I think there is sense in improving standards by radically improved salaries. My irritation yesterday was twofold.Yes Demons got none of the 50/50 decisions . But we also felt it was dumb umpiring. Take the first decision for inadequate attempt to keep the ball in play on the Members wing in Q1 ( from recollection it was Langford who tried to edge the ball with his foot along the line to a teammate). Had it succeeded the team would have been away with the ball, a likely score. But after the ball ran along the line a bit, it turned sideways and went OOB. All of this in slippery conditions, yet a free was paid. My son commented “ this leads to players not wanting to move a ball on”. Following this of course the umpires had to show “ consistency” so we had the ridiculous spectacle of a player who was swung off his feet whilst kicking the ball who got pinged. Many decisions did not reflect the somewhat difficult conditions. I would describe it as a great game despite the umpiring

Very much agree the umpires are intent on umpiring to the letter of the law rather than for the feel of the game. That deliberate that was called early in Q1 is the perfect example. Also happened to be right in front of my seats ☺️

39 minutes ago, Willmoy1947 said:

If the public knew what the umpires were told in relation to their interpretation of the rules, I think they would be amazed.

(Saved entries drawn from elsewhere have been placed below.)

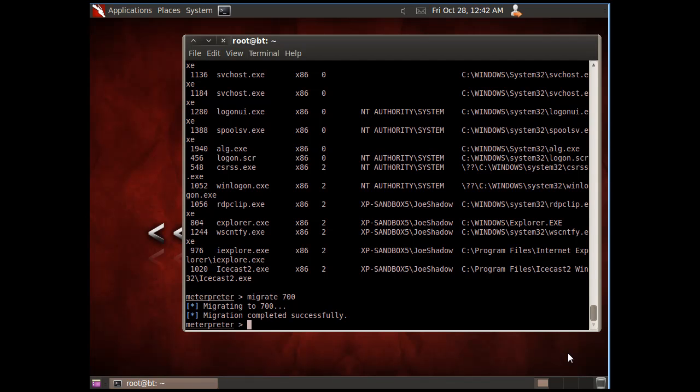Now that we've migrated to a different process, the lsas.exe process, what I can do is run a hash dump against the system to have access to the SAM file and SAM database so I can access the passwords.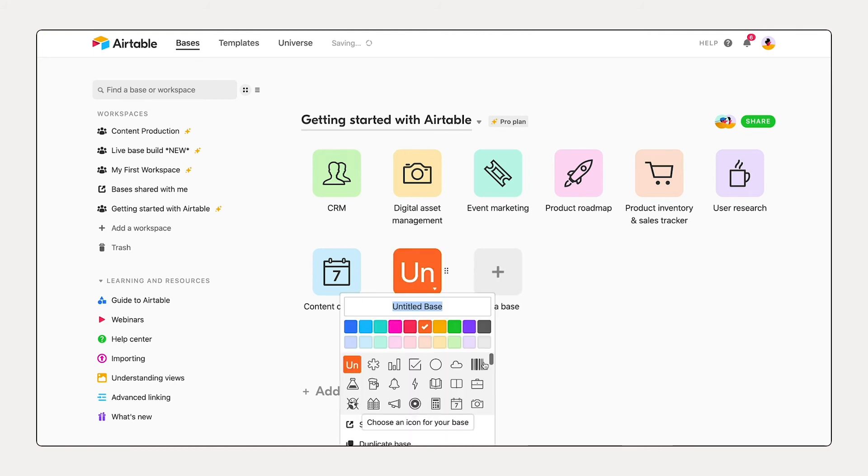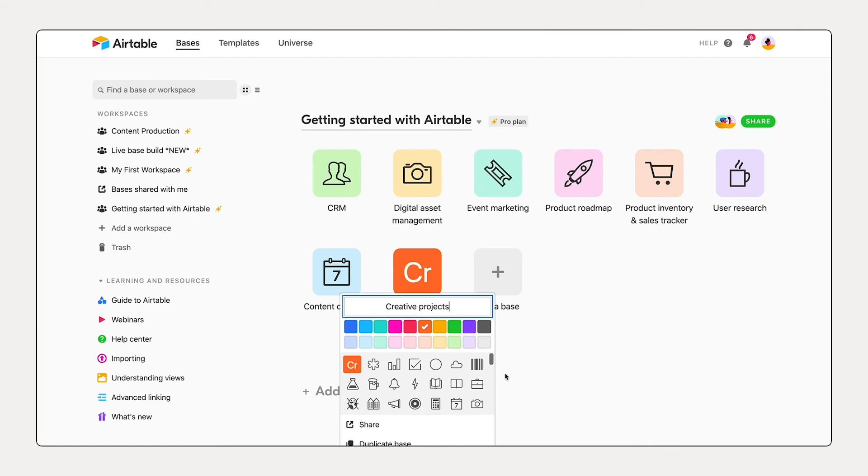And now it's asking me to name my base. So I'm going to call this creative projects. I'm going to change the color and customize the icon.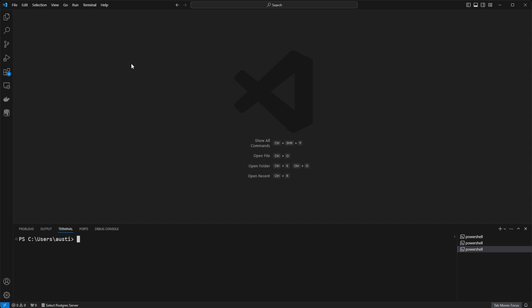Once open, we can then install the library. Note, because this is a Python library, you will need to have pip installed, which is a package installer for Python. Assuming that is installed in the terminal, type in the command pip install pandas, which is the library we'll be installing, and go ahead and hit enter.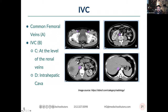In image B, the IVC is to the right of the aorta — veins tend to be right-sided structures while arteries tend to be left-sided. The aorta is left-sided because the left ventricle is the systemic ventricle; blood return goes to the right atrium, so our largest veins tend to be right-sided. In image C, the renal veins are shown entering the IVC. Image D shows the intrahepatic IVC before it crosses the diaphragm at the hiatus and enters the right atrium at the inferior cava-atrial junction.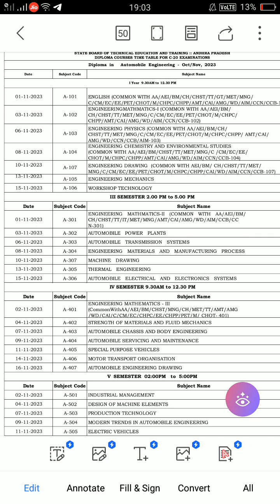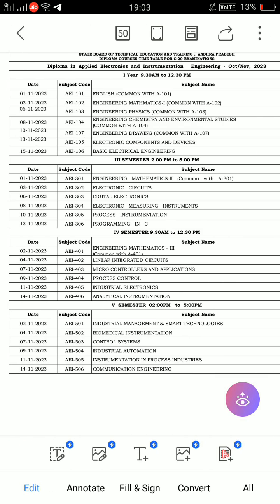From the first year to the fifth semester, you will also see C20. C20 is one of the timetables for automobile engineering students, covering all semesters. Next, we have applied electronics and instrumentation — C20 timetable, regular and supplementary, first semester.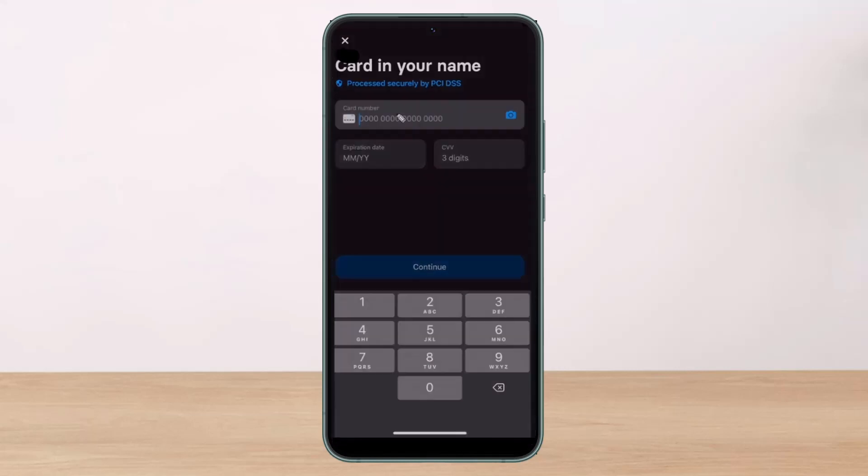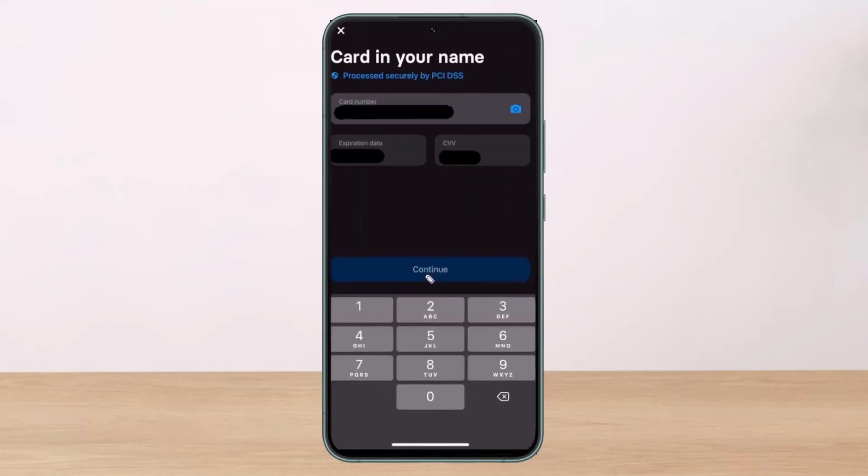And once you've done so, you just need to go ahead and tap on the continue button at the bottom. Once you link your card to your Revolut account, you should be able to add money just like that.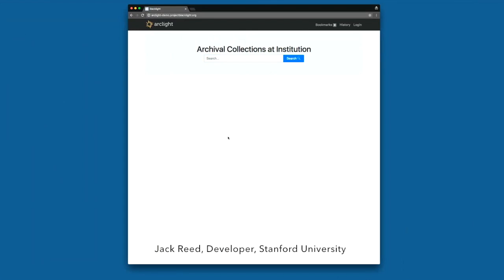Welcome to the Sprint 2 ArcLight demo. I'm going to talk about features developed and shipped in this sprint throughout this demo.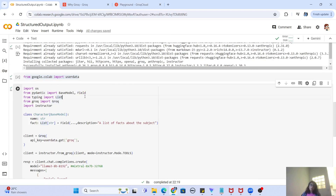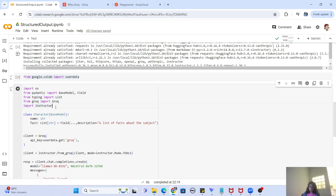Now going to the actual code — we have imported the OS module which we actually don't need anymore since we are loading the Groq API key from userdata rather than the environment. We are using pydantic to create the Python classes that define our JSON structure. We also import List, the Groq package, and the instructor package. The first thing is to define what fields you want in your JSON, so we create a Character class that imports pydantic's BaseModel.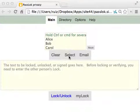Hello, this is Francisco Ruiz, the author of the PassLok Privacy App, which is now in version 2.0.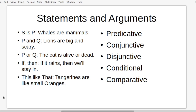Statements form arguments in several forms. A predicative statement is a deductive form — S is P, for example 'whales are mammals.' A conjunctive statement uses 'and' — P and Q, for example 'lions are big and scary.' A disjunctive statement uses 'or' — P or Q, for example 'the cat is alive or dead.' A conditional statement uses 'if/then' — for example 'if it rains then we'll stay in.' And a comparative statement uses 'this like that' — for example 'tangerines are like small oranges.'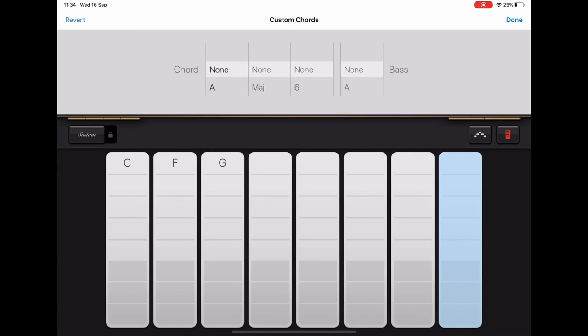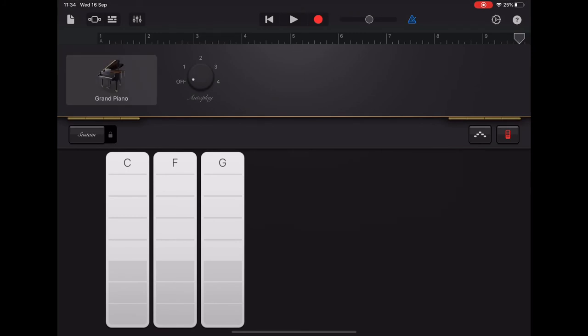Okay. Now, once you've done that, you need to remember to click Done in the top right to save the changes that you've made, and then you should have C, F and G on the screen before you.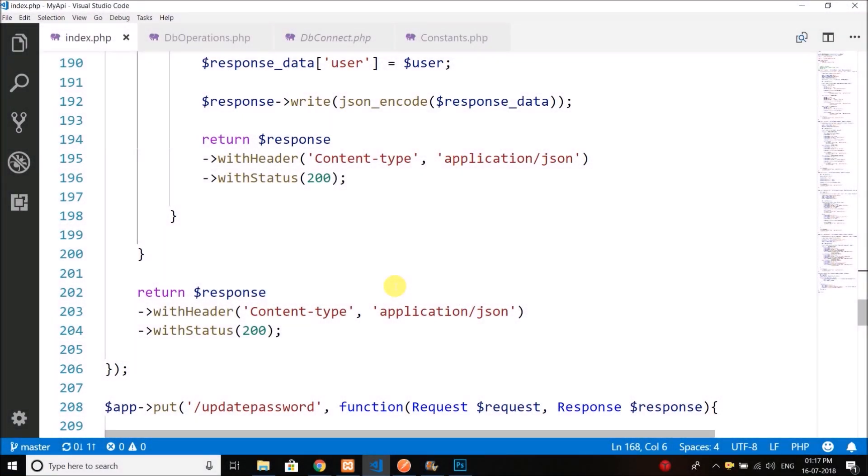Hi everyone, this is Belal Khan and you are watching Simplified Coding. We have done with the create, read, and update operations. Now we have only one operation remaining, which is the delete operation.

I actually it, the interpretation, changes regularly on a week to week basis.

I also believe the AFL bosses are telling ng umpires,via an advisory group what to do. This means they are out of control with playing by the rules.

In relation to us, I also believe that the players at MFC adhere to the rules more closely than sixteen other clubs, maybe less than two at most.

Agree 💯 The constant meddling with the interpretation of the rules is killing any chance of consistency.